Data excerpts
------
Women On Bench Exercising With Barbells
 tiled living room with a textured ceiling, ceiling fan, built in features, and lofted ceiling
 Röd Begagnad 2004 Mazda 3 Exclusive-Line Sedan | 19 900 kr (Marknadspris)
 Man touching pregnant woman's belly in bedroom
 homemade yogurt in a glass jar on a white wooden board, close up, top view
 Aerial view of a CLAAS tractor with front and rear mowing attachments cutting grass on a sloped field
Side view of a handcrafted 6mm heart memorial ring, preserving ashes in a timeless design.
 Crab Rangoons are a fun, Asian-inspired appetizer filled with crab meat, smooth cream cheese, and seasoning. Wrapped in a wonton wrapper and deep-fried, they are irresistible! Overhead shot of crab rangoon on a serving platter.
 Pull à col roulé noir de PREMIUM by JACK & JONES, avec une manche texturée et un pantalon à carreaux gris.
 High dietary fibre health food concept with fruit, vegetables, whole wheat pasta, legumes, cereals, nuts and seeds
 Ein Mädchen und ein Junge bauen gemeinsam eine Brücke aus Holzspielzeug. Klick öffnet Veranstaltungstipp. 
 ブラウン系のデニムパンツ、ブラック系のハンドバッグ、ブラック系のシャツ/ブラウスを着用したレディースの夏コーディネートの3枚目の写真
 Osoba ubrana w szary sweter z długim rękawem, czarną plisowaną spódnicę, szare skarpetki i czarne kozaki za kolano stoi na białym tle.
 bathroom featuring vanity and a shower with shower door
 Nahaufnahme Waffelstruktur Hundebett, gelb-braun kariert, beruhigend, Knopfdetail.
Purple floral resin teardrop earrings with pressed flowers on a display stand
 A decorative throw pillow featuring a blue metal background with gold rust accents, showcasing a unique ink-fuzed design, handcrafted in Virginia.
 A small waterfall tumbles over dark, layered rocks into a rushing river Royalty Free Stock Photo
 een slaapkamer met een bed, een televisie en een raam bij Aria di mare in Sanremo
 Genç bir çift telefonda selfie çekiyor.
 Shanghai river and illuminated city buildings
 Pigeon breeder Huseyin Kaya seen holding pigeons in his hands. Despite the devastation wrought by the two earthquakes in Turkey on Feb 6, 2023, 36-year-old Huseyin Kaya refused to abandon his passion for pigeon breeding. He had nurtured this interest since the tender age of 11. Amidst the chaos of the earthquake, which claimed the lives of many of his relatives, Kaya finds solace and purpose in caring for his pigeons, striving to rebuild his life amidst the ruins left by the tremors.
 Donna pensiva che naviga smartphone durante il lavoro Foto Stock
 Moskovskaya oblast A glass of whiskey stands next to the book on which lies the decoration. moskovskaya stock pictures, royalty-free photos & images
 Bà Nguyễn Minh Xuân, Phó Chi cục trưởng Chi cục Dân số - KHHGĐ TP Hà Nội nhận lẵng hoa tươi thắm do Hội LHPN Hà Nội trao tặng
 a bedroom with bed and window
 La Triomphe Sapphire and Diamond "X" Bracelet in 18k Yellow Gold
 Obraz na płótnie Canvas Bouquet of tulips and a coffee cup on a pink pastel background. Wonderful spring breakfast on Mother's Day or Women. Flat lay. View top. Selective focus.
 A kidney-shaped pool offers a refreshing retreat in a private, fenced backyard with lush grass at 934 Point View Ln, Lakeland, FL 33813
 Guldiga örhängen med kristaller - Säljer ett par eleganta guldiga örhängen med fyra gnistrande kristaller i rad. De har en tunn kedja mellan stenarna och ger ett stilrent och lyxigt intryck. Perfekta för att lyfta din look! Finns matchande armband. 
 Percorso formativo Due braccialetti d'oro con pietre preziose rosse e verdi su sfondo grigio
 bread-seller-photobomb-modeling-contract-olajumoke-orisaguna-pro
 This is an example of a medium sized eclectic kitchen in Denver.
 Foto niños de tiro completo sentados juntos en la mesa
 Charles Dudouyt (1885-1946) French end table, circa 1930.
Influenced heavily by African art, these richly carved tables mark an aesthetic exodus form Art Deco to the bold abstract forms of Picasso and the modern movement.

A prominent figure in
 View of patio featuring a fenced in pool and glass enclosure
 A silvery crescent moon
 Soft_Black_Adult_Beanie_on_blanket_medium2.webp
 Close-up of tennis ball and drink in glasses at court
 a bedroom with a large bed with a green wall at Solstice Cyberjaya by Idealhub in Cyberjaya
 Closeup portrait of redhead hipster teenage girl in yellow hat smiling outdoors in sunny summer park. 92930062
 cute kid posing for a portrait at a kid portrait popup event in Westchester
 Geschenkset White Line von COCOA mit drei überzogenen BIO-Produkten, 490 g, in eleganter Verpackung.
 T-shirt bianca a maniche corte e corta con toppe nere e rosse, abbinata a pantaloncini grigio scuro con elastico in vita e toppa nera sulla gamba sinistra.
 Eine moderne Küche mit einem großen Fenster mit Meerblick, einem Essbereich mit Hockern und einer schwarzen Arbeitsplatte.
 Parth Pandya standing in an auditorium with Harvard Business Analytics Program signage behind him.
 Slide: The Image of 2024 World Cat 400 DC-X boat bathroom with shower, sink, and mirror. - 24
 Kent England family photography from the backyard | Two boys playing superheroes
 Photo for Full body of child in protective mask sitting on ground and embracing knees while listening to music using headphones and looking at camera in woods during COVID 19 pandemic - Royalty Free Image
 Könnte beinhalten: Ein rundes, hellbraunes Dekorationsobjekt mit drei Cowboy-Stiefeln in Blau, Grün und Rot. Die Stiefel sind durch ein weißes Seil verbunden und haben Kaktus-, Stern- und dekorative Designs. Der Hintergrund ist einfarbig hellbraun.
------
Exercise goal — Please output every line shown above exactly.

Response to the exercise —
Women On Bench Exercising With Barbells
 tiled living room with a textured ceiling, ceiling fan, built in features, and lofted ceiling
 Röd Begagnad 2004 Mazda 3 Exclusive-Line Sedan | 19 900 kr (Marknadspris)
 Man touching pregnant woman's belly in bedroom
 homemade yogurt in a glass jar on a white wooden board, close up, top view
 Aerial view of a CLAAS tractor with front and rear mowing attachments cutting grass on a sloped field
Side view of a handcrafted 6mm heart memorial ring, preserving ashes in a timeless design.
 Crab Rangoons are a fun, Asian-inspired appetizer filled with crab meat, smooth cream cheese, and seasoning. Wrapped in a wonton wrapper and deep-fried, they are irresistible! Overhead shot of crab rangoon on a serving platter.
 Pull à col roulé noir de PREMIUM by JACK & JONES, avec une manche texturée et un pantalon à carreaux gris.
 High dietary fibre health food concept with fruit, vegetables, whole wheat pasta, legumes, cereals, nuts and seeds
 Ein Mädchen und ein Junge bauen gemeinsam eine Brücke aus Holzspielzeug. Klick öffnet Veranstaltungstipp. 
 ブラウン系のデニムパンツ、ブラック系のハンドバッグ、ブラック系のシャツ/ブラウスを着用したレディースの夏コーディネートの3枚目の写真
 Osoba ubrana w szary sweter z długim rękawem, czarną plisowaną spódnicę, szare skarpetki i czarne kozaki za kolano stoi na białym tle.
 bathroom featuring vanity and a shower with shower door
 Nahaufnahme Waffelstruktur Hundebett, gelb-braun kariert, beruhigend, Knopfdetail.
Purple floral resin teardrop earrings with pressed flowers on a display stand
 A decorative throw pillow featuring a blue metal background with gold rust accents, showcasing a unique ink-fuzed design, handcrafted in Virginia.
 A small waterfall tumbles over dark, layered rocks into a rushing river Royalty Free Stock Photo
 een slaapkamer met een bed, een televisie en een raam bij Aria di mare in Sanremo
 Genç bir çift telefonda selfie çekiyor.
 Shanghai river and illuminated city buildings
 Pigeon breeder Huseyin Kaya seen holding pigeons in his hands. Despite the devastation wrought by the two earthquakes in Turkey on Feb 6, 2023, 36-year-old Huseyin Kaya refused to abandon his passion for pigeon breeding. He had nurtured this interest since the tender age of 11. Amidst the chaos of the earthquake, which claimed the lives of many of his relatives, Kaya finds solace and purpose in caring for his pigeons, striving to rebuild his life amidst the ruins left by the tremors.
 Donna pensiva che naviga smartphone durante il lavoro Foto Stock
 Moskovskaya oblast A glass of whiskey stands next to the book on which lies the decoration. moskovskaya stock pictures, royalty-free photos & images
 Bà Nguyễn Minh Xuân, Phó Chi cục trưởng Chi cục Dân số - KHHGĐ TP Hà Nội nhận lẵng hoa tươi thắm do Hội LHPN Hà Nội trao tặng
 a bedroom with bed and window
 La Triomphe Sapphire and Diamond "X" Bracelet in 18k Yellow Gold
 Obraz na płótnie Canvas Bouquet of tulips and a coffee cup on a pink pastel background. Wonderful spring breakfast on Mother's Day or Women. Flat lay. View top. Selective focus.
 A kidney-shaped pool offers a refreshing retreat in a private, fenced backyard with lush grass at 934 Point View Ln, Lakeland, FL 33813
 Guldiga örhängen med kristaller - Säljer ett par eleganta guldiga örhängen med fyra gnistrande kristaller i rad. De har en tunn kedja mellan stenarna och ger ett stilrent och lyxigt intryck. Perfekta för att lyfta din look! Finns matchande armband. 
 Percorso formativo Due braccialetti d'oro con pietre preziose rosse e verdi su sfondo grigio
 bread-seller-photobomb-modeling-contract-olajumoke-orisaguna-pro
 This is an example of a medium sized eclectic kitchen in Denver.
 Foto niños de tiro completo sentados juntos en la mesa
 Charles Dudouyt (1885-1946) French end table, circa 1930.
Influenced heavily by African art, these richly carved tables mark an aesthetic exodus form Art Deco to the bold abstract forms of Picasso and the modern movement.

A prominent figure in
 View of patio featuring a fenced in pool and glass enclosure
 A silvery crescent moon
 Soft_Black_Adult_Beanie_on_blanket_medium2.webp
 Close-up of tennis ball and drink in glasses at court
 a bedroom with a large bed with a green wall at Solstice Cyberjaya by Idealhub in Cyberjaya
 Closeup portrait of redhead hipster teenage girl in yellow hat smiling outdoors in sunny summer park. 92930062
 cute kid posing for a portrait at a kid portrait popup event in Westchester
 Geschenkset White Line von COCOA mit drei überzogenen BIO-Produkten, 490 g, in eleganter Verpackung.
 T-shirt bianca a maniche corte e corta con toppe nere e rosse, abbinata a pantaloncini grigio scuro con elastico in vita e toppa nera sulla gamba sinistra.
 Eine moderne Küche mit einem großen Fenster mit Meerblick, einem Essbereich mit Hockern und einer schwarzen Arbeitsplatte.
 Parth Pandya standing in an auditorium with Harvard Business Analytics Program signage behind him.
 Slide: The Image of 2024 World Cat 400 DC-X boat bathroom with shower, sink, and mirror. - 24
 Kent England family photography from the backyard | Two boys playing superheroes
 Photo for Full body of child in protective mask sitting on ground and embracing knees while listening to music using headphones and looking at camera in woods during COVID 19 pandemic - Royalty Free Image
 Könnte beinhalten: Ein rundes, hellbraunes Dekorationsobjekt mit drei Cowboy-Stiefeln in Blau, Grün und Rot. Die Stiefel sind durch ein weißes Seil verbunden und haben Kaktus-, Stern- und dekorative Designs. Der Hintergrund ist einfarbig hellbraun.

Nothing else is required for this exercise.